Retype the data below exactly, skipping pictures.

Start of GIVEN DATA

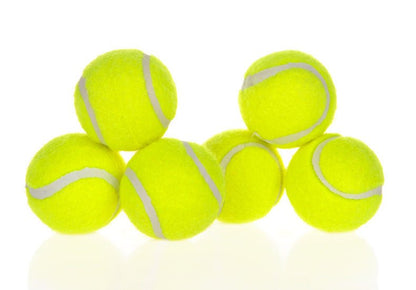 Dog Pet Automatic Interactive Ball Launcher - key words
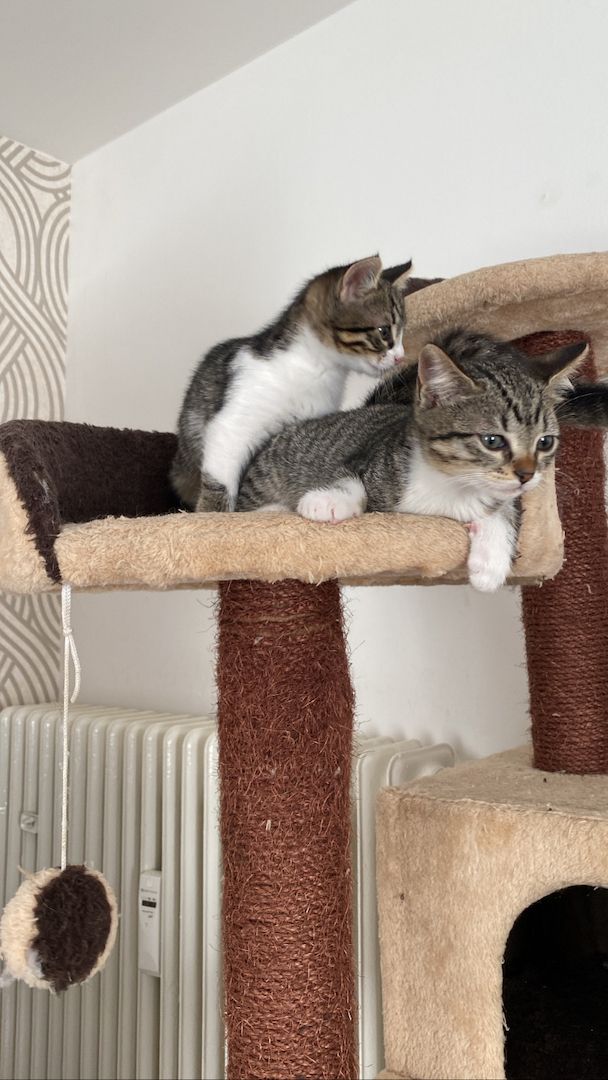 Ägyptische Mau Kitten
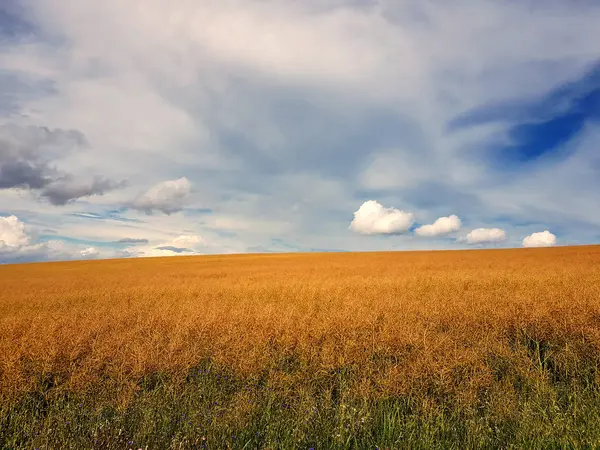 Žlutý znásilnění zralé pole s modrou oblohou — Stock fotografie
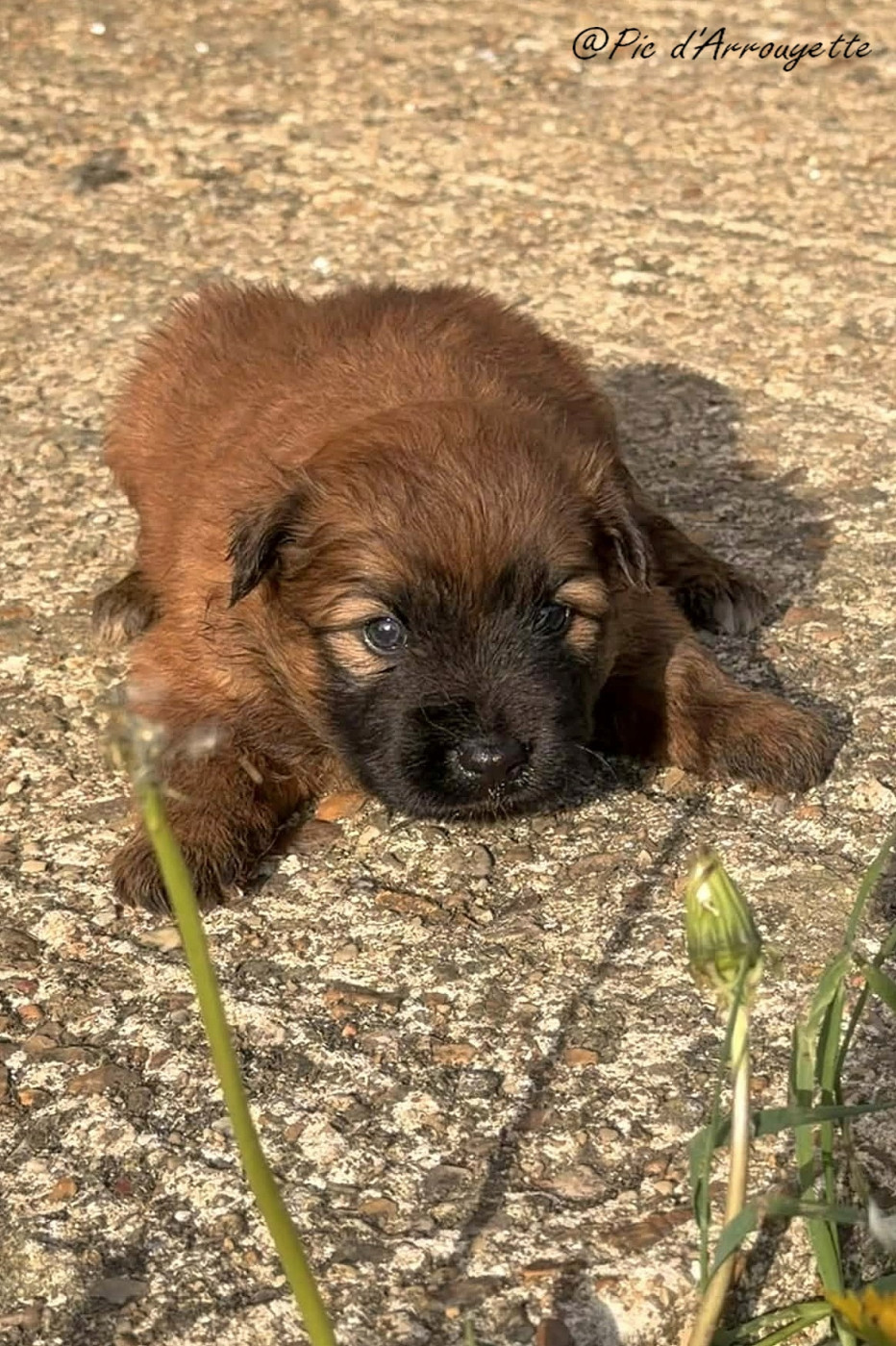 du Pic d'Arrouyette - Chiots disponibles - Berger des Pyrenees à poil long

End of GIVEN DATA

YOUR RESPONSE:
 Dog Pet Automatic Interactive Ball Launcher - key words
 Ägyptische Mau Kitten
 Žlutý znásilnění zralé pole s modrou oblohou — Stock fotografie
 du Pic d'Arrouyette - Chiots disponibles - Berger des Pyrenees à poil long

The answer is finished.